#### Requirement
Make an exact copy of all the records.

########

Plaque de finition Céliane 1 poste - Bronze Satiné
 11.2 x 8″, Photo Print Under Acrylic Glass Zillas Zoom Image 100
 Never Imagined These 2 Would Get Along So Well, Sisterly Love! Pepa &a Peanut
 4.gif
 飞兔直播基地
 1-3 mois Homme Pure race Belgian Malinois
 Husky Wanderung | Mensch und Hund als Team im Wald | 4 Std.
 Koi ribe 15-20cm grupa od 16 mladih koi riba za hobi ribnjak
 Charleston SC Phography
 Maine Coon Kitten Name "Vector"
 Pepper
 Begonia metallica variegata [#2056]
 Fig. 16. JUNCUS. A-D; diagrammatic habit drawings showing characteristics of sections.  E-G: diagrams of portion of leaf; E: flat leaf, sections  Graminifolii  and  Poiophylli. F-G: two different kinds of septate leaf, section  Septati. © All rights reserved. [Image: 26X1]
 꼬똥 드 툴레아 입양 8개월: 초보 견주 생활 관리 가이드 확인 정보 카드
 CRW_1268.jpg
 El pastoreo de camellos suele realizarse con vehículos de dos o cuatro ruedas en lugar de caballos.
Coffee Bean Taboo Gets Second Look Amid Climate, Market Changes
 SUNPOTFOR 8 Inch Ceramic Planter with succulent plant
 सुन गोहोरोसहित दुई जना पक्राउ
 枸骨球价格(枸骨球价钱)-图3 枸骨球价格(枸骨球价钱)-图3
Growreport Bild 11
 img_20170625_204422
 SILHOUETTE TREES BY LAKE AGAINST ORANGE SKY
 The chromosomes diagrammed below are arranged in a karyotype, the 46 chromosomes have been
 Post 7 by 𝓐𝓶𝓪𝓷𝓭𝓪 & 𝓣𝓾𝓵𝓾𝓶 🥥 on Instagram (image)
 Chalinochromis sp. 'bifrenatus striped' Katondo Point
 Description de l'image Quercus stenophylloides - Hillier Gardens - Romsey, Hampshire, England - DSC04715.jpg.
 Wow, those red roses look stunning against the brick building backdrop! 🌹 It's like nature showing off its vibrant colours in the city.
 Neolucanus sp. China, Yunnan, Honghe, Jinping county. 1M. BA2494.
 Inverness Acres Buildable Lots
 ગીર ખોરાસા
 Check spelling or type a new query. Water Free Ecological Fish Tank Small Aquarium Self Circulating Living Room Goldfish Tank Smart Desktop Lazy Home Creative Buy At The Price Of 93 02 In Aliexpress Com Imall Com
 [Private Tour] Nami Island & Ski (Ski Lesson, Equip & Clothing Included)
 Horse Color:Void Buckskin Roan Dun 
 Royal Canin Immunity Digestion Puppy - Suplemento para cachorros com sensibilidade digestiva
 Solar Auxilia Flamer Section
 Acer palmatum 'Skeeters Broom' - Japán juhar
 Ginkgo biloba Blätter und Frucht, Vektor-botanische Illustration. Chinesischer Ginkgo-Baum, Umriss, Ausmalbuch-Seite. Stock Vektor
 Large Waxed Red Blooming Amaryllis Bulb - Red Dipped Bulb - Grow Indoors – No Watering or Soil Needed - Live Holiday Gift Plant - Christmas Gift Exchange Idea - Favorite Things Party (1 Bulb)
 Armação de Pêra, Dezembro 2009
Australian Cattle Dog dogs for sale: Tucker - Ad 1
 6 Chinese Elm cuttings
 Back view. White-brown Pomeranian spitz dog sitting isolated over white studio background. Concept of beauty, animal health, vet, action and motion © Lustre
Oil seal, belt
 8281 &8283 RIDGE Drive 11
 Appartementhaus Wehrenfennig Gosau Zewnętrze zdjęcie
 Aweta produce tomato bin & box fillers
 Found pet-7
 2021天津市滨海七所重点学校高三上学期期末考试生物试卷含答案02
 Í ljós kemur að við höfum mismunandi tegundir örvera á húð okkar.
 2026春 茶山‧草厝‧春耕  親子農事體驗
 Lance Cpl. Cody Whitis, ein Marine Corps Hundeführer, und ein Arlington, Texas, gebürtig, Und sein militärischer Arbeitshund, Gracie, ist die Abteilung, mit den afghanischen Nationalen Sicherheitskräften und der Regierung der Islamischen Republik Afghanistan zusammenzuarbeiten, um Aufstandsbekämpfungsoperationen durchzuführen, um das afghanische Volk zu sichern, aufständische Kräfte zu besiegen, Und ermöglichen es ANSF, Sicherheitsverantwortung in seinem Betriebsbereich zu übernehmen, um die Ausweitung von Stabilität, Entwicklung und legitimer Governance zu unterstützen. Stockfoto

########

#### Written solution
Plaque de finition Céliane 1 poste - Bronze Satiné
 11.2 x 8″, Photo Print Under Acrylic Glass Zillas Zoom Image 100
 Never Imagined These 2 Would Get Along So Well, Sisterly Love! Pepa &a Peanut
 4.gif
 飞兔直播基地
 1-3 mois Homme Pure race Belgian Malinois
 Husky Wanderung | Mensch und Hund als Team im Wald | 4 Std.
 Koi ribe 15-20cm grupa od 16 mladih koi riba za hobi ribnjak
 Charleston SC Phography
 Maine Coon Kitten Name "Vector"
 Pepper
 Begonia metallica variegata [#2056]
 Fig. 16. JUNCUS. A-D; diagrammatic habit drawings showing characteristics of sections.  E-G: diagrams of portion of leaf; E: flat leaf, sections  Graminifolii  and  Poiophylli. F-G: two different kinds of septate leaf, section  Septati. © All rights reserved. [Image: 26X1]
 꼬똥 드 툴레아 입양 8개월: 초보 견주 생활 관리 가이드 확인 정보 카드
 CRW_1268.jpg
 El pastoreo de camellos suele realizarse con vehículos de dos o cuatro ruedas en lugar de caballos.
Coffee Bean Taboo Gets Second Look Amid Climate, Market Changes
 SUNPOTFOR 8 Inch Ceramic Planter with succulent plant
 सुन गोहोरोसहित दुई जना पक्राउ
 枸骨球价格(枸骨球价钱)-图3 枸骨球价格(枸骨球价钱)-图3
Growreport Bild 11
 img_20170625_204422
 SILHOUETTE TREES BY LAKE AGAINST ORANGE SKY
 The chromosomes diagrammed below are arranged in a karyotype, the 46 chromosomes have been
 Post 7 by 𝓐𝓶𝓪𝓷𝓭𝓪 & 𝓣𝓾𝓵𝓾𝓶 🥥 on Instagram (image)
 Chalinochromis sp. 'bifrenatus striped' Katondo Point
 Description de l'image Quercus stenophylloides - Hillier Gardens - Romsey, Hampshire, England - DSC04715.jpg.
 Wow, those red roses look stunning against the brick building backdrop! 🌹 It's like nature showing off its vibrant colours in the city.
 Neolucanus sp. China, Yunnan, Honghe, Jinping county. 1M. BA2494.
 Inverness Acres Buildable Lots
 ગીર ખોરાસા
 Check spelling or type a new query. Water Free Ecological Fish Tank Small Aquarium Self Circulating Living Room Goldfish Tank Smart Desktop Lazy Home Creative Buy At The Price Of 93 02 In Aliexpress Com Imall Com
 [Private Tour] Nami Island & Ski (Ski Lesson, Equip & Clothing Included)
 Horse Color:Void Buckskin Roan Dun 
 Royal Canin Immunity Digestion Puppy - Suplemento para cachorros com sensibilidade digestiva
 Solar Auxilia Flamer Section
 Acer palmatum 'Skeeters Broom' - Japán juhar
 Ginkgo biloba Blätter und Frucht, Vektor-botanische Illustration. Chinesischer Ginkgo-Baum, Umriss, Ausmalbuch-Seite. Stock Vektor
 Large Waxed Red Blooming Amaryllis Bulb - Red Dipped Bulb - Grow Indoors – No Watering or Soil Needed - Live Holiday Gift Plant - Christmas Gift Exchange Idea - Favorite Things Party (1 Bulb)
 Armação de Pêra, Dezembro 2009
Australian Cattle Dog dogs for sale: Tucker - Ad 1
 6 Chinese Elm cuttings
 Back view. White-brown Pomeranian spitz dog sitting isolated over white studio background. Concept of beauty, animal health, vet, action and motion © Lustre
Oil seal, belt
 8281 &8283 RIDGE Drive 11
 Appartementhaus Wehrenfennig Gosau Zewnętrze zdjęcie
 Aweta produce tomato bin & box fillers
 Found pet-7
 2021天津市滨海七所重点学校高三上学期期末考试生物试卷含答案02
 Í ljós kemur að við höfum mismunandi tegundir örvera á húð okkar.
 2026春 茶山‧草厝‧春耕  親子農事體驗
 Lance Cpl. Cody Whitis, ein Marine Corps Hundeführer, und ein Arlington, Texas, gebürtig, Und sein militärischer Arbeitshund, Gracie, ist die Abteilung, mit den afghanischen Nationalen Sicherheitskräften und der Regierung der Islamischen Republik Afghanistan zusammenzuarbeiten, um Aufstandsbekämpfungsoperationen durchzuführen, um das afghanische Volk zu sichern, aufständische Kräfte zu besiegen, Und ermöglichen es ANSF, Sicherheitsverantwortung in seinem Betriebsbereich zu übernehmen, um die Ausweitung von Stabilität, Entwicklung und legitimer Governance zu unterstützen. Stockfoto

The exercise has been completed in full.